Первая проза (Симонов) - страница 11

— Читательские конференции очень важный момент в жизни писателя, но и испытание для него. Испытание крепости его нервов и твердости взглядов. Испытание еще и в тех случаях, когда тебя больше хвалят, чем ругают, — испытание на прочность трезвого от­ношения к себе, испытание на самокритику. И вообще читательские конференции — хорошая вещь, но я лично всегда боялся слишком часто участвовать в них. Вы спросите: почему? Да потому, что всё-таки десятки раз участвовать в читательских конференциях, как иногда бывает с нашим братом-автором, в восторге от того, что его зовут, и выступает чуть ли не каждый день, особенно когда вещь получает общественное признание,— мне кажется, все-таки это на­прасно. Многое повторяется. Много слышишь похвального в свой адрес. Много отвечать приходится на те же самые упреки. Человек заштамповывается от этих разговоров. И иногда его тянет все боль­ше и больше проводить читательских конференций, хотя ему уже давно пора писать новую вещь. Вот эту меру почувствовать, когда хватит, — очень важно! Почувствовать, что пора уже писать новое,— очень важно нашему брату. Думаю, что я эту меру, в общем, стре­мился соблюдать.

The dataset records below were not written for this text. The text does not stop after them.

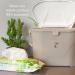 Earth Rated Dog Wipes - Plant-Based, Compostable, Hypoallergenic Grooming Wipes for Dogs - Buy Online on GoSupps.com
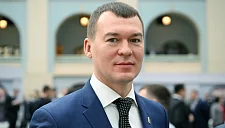 Дегтярев категорически высказался о нейтральном статусе наших спортсменов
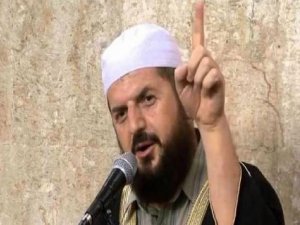 İMAM ERDOĞAN'I BÖYLE SOLLADI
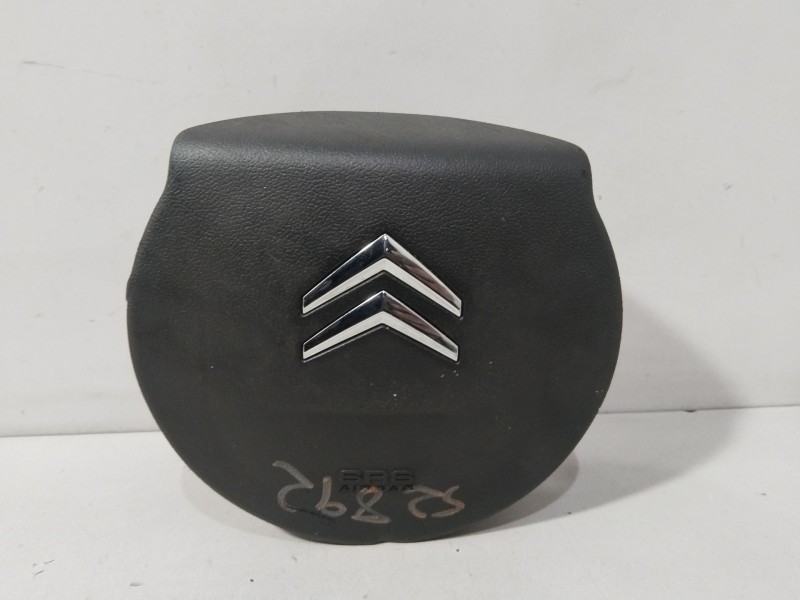 Recambio de airbag delantero izquierdo para citroën c4 grand picasso i (ua_) 1.6 16v referencia OEM IAM 4112QC  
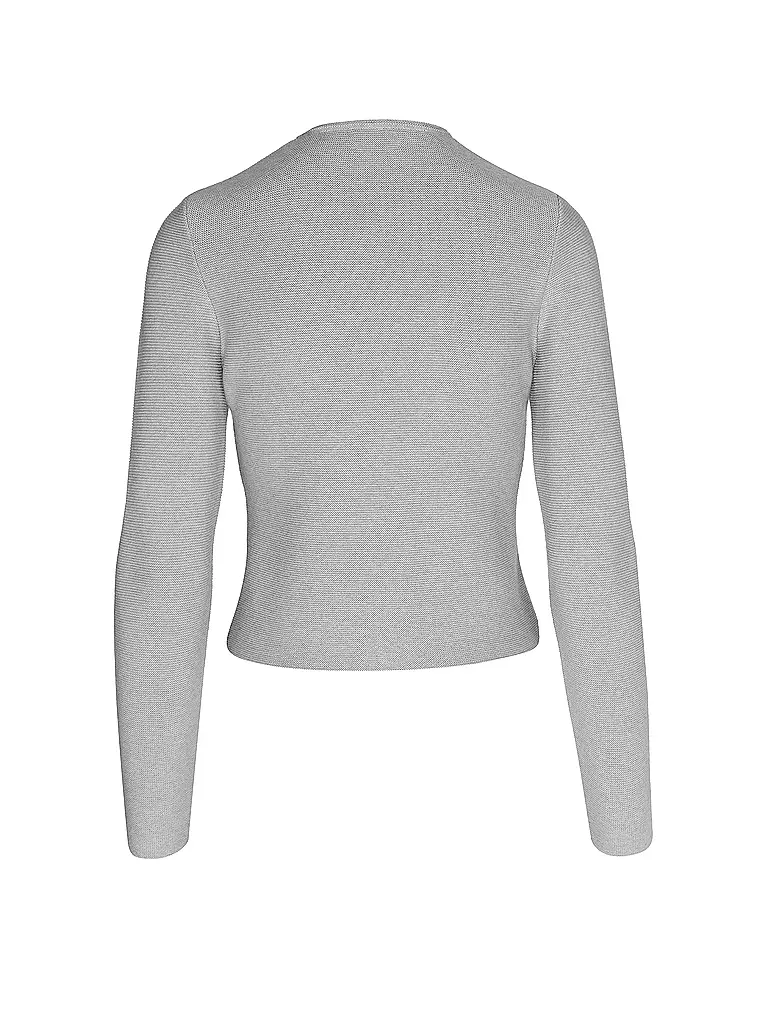 GOTTSEIDANK | Cardigan tradizionale ALOSIA | 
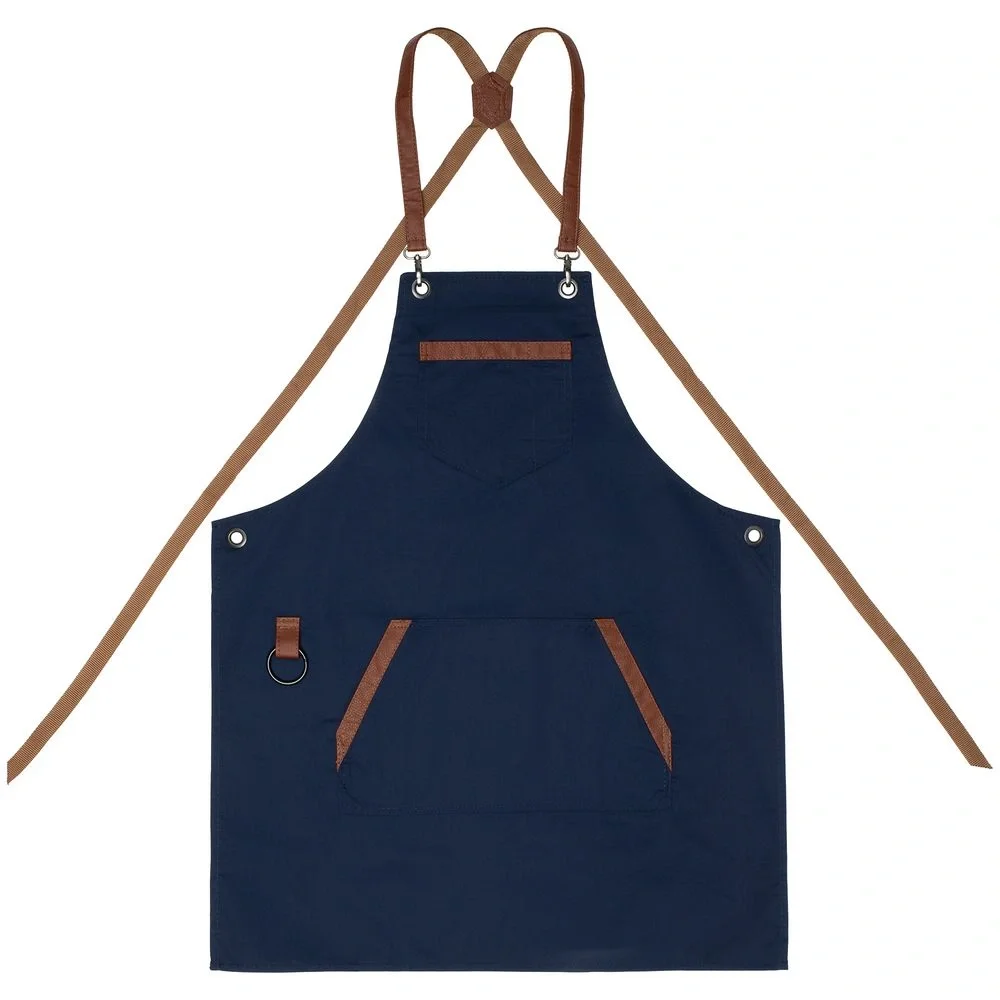 Фартук Abilita, темно-синий - фото 1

По «Дням и ночам» у меня читательских конференций было очень мало, потому что «Дни и ночи» вышли в сорок четвертом, а я после войны год провел в зарубежных командировках — в Японии, в Америке. Вернулся через год, когда книгу прочли, и она как-то от­стоялась. Писем было много, а читательских конференций мало. А вот по «Живым и мертвым» было много читательских конференций, много интересных. У меня было немало споров, причем споров не по сюжету романа, не по изображению героев, а по затронутым в ро­мане проблемам. И это — самое интересное в читательских конфе­ренциях для меня.

Конечно, те или другие соображения, критические замечания, иногда очень правильные, очень точные, замечания фактические, ког­да подмечают огрехи, тоже очень важны. Хотя я, в общем, стара­юсь свести к минимуму замечания такого рода — заранее показываю рукопись людям, которые в затронутых в ней сферах хорошо пони­мают. И не считаю это зазорным, наоборот, считаю необходимым. Но все-таки самое интересное — это рассуждения о жизни, о раз­витии общества, его истории, о морально-этических, общественных проблемах — рассуждения, которые возникают у людей в связи с чтением твоей книги. Тогда ты чувствуешь себя не просто автором, хвалимым или ругаемым, а участником нужного сегодня для людей разговора. И это самое важное.

И если говорить о читательской почте, то эта часть почты са­мая важная для меня. Можно оставить без ответа письмо о том, встретятся Аня и Сабуров или не встретятся. В конце концов, я не обязан на это отвечать, пусть сам решает! Или: встретится Синцов с Таней или с Машей и как все у них будет. Ну и пусть сам дума­ет! Не случайно поставлено многоточие, очевидно, для того, чтобы читатель сам думал, решал, выбирал. Можно и не ответить на такое письмо или ответить очень коротко. Другое дело, когда письмо ка­сается какого-то нравственного вопроса, когда, скажем, вдруг полу­чаю письмо, автор которого осуждает нравственное поведение Тани Овсянниковой в «Живых и мертвых». Или то же самое с «Днями и ночам». (Замечу в скобках, что таких писем было очень мало.) Как же так: они сошлись на фронте, Сабуров и Аня, так сказать, необвенчанные или, как это,— необзагсенные! За этим стоит какое-то свое, чуждое мне понимание нравственных проблем. Или, скажем: почему у Серпилина такая биография, а не другая? Почему вы та­кую биографию ему дали? Имели ли вы право? Типично это или не типично?